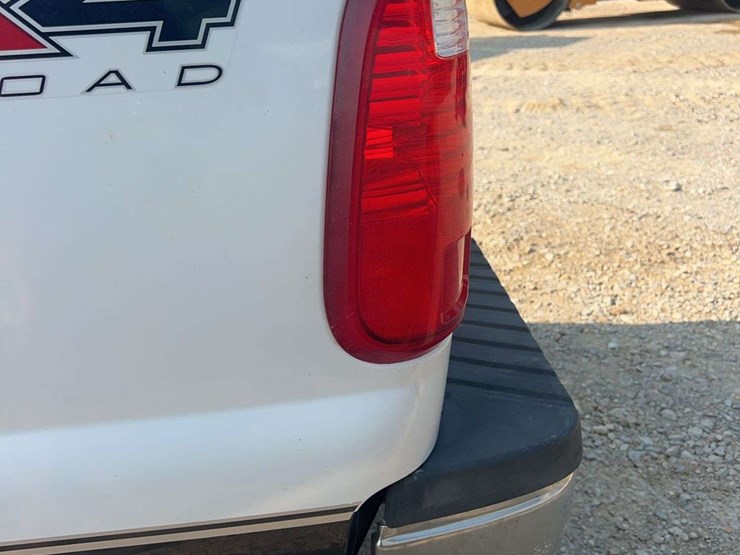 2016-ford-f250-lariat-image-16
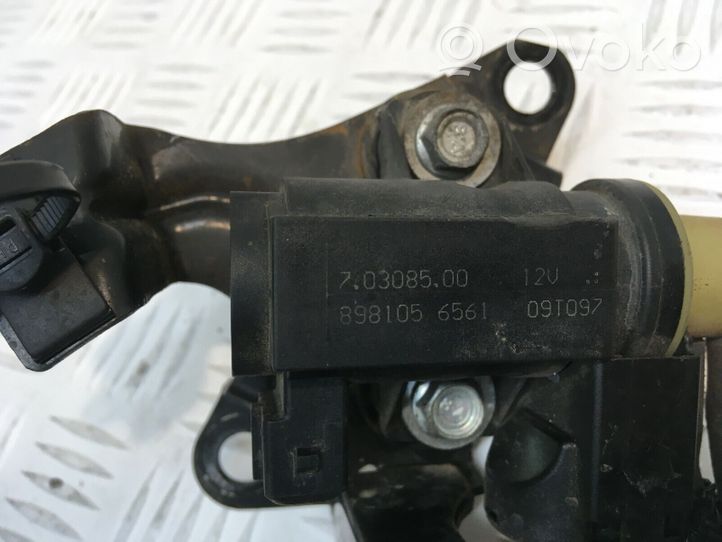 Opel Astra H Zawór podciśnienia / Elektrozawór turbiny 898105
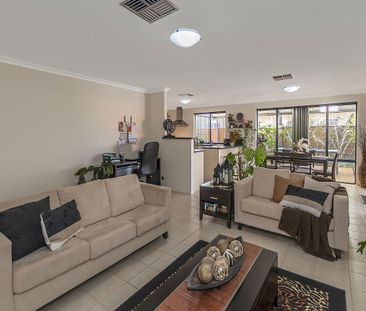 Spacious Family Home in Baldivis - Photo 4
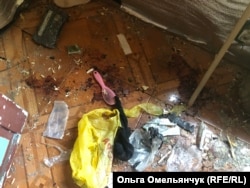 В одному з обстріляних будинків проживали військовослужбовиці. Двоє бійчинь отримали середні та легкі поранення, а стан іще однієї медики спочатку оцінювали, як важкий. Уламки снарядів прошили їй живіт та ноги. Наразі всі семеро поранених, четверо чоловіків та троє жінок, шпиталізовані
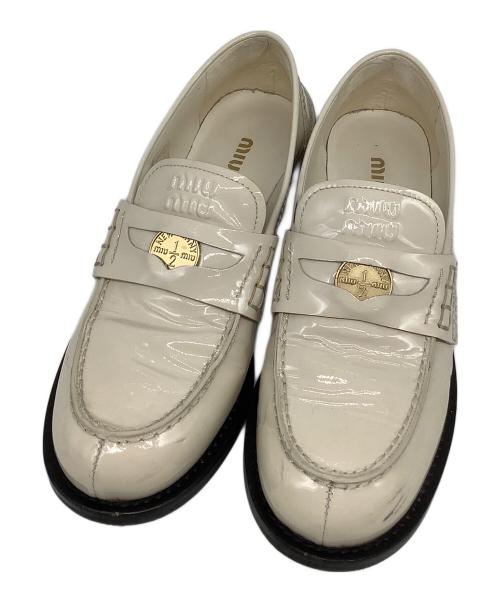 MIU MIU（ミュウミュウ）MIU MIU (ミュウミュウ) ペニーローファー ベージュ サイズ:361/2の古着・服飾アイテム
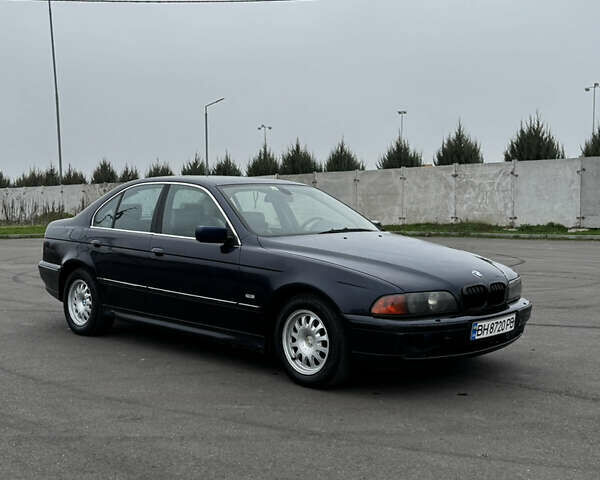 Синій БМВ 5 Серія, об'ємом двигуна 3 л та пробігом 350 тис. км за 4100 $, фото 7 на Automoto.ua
━━━━
Exercise objective
Repeat everything in the entries above word for word, excluding the images.

Response
 2016-ford-f250-lariat-image-16
 Opel Astra H Zawór podciśnienia / Elektrozawór turbiny 898105
 Spacious Family Home in Baldivis - Photo 4
 В одному з обстріляних будинків проживали військовослужбовиці. Двоє бійчинь отримали середні та легкі поранення, а стан іще однієї медики спочатку оцінювали, як важкий. Уламки снарядів прошили їй живіт та ноги. Наразі всі семеро поранених, четверо чоловіків та троє жінок, шпиталізовані
 MIU MIU（ミュウミュウ）MIU MIU (ミュウミュウ) ペニーローファー ベージュ サイズ:361/2の古着・服飾アイテム
 Синій БМВ 5 Серія, об'ємом двигуна 3 л та пробігом 350 тис. км за 4100 $, фото 7 на Automoto.ua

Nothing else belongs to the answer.